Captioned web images
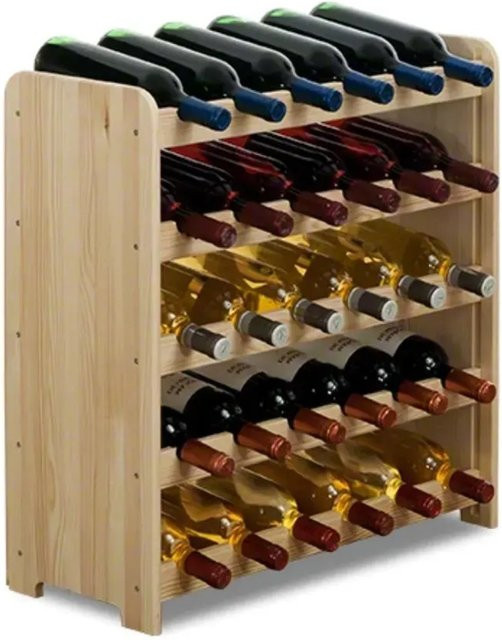 PROREGAL Weinregal Pinotwine aus massivem Kiefernholz, Natur Unbehandelt, H x B x T: 61,6 x 63,2 x 26,5 cm, Platz für 30 Flaschen - Bild 1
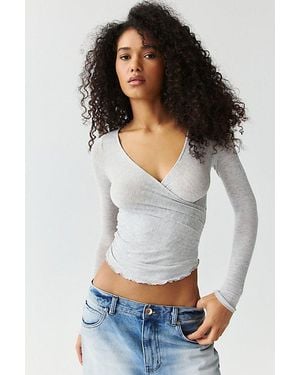 Out From Under All Wrapped Up Surplice Long Sleeve Top - Grey
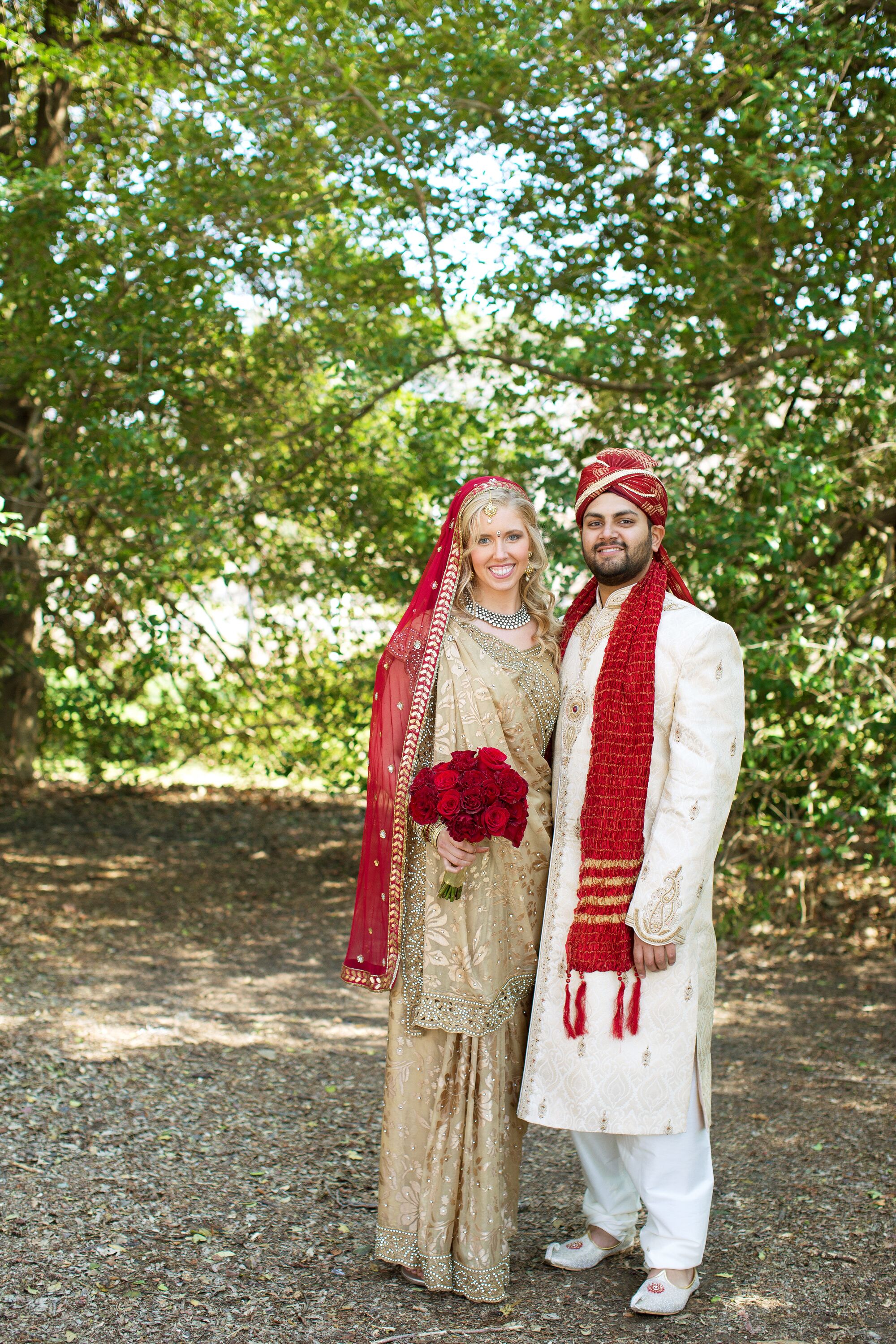 Gold and red wedding on sale saree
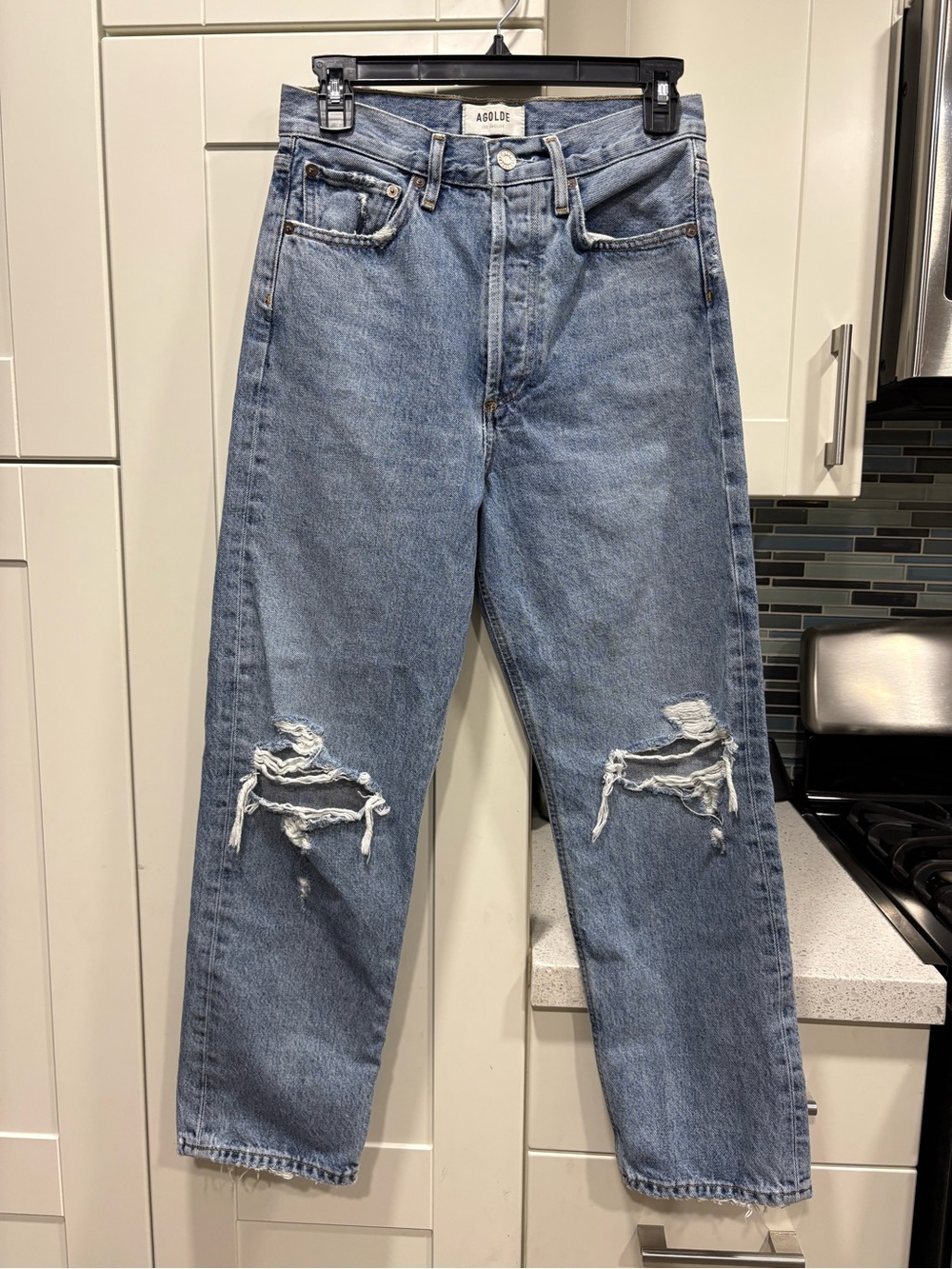 AGOLDE 90'S CROP MID RISE STRAIGHT JEANS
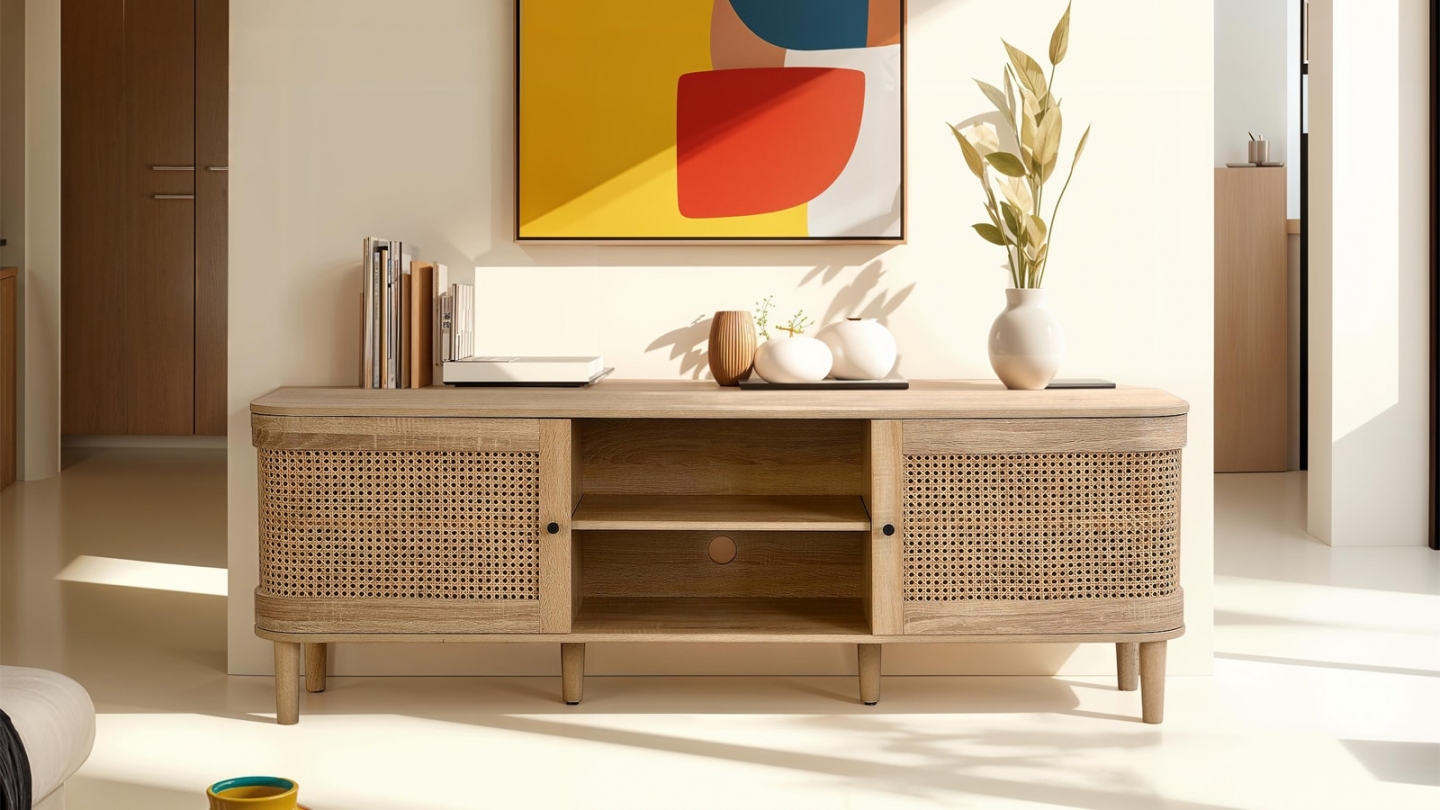 Meuble TV 2 portes couleur chêne et cannage 160 cm - Bali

WHAT IS BEING ASKED:
Exclude the images and reproduce the remaining data exactly.

ANSWER TO THIS EXERCISE:
 PROREGAL Weinregal Pinotwine aus massivem Kiefernholz, Natur Unbehandelt, H x B x T: 61,6 x 63,2 x 26,5 cm, Platz für 30 Flaschen - Bild 1
 Out From Under All Wrapped Up Surplice Long Sleeve Top - Grey
 Gold and red wedding on sale saree
 AGOLDE 90'S CROP MID RISE STRAIGHT JEANS
 Meuble TV 2 portes couleur chêne et cannage 160 cm - Bali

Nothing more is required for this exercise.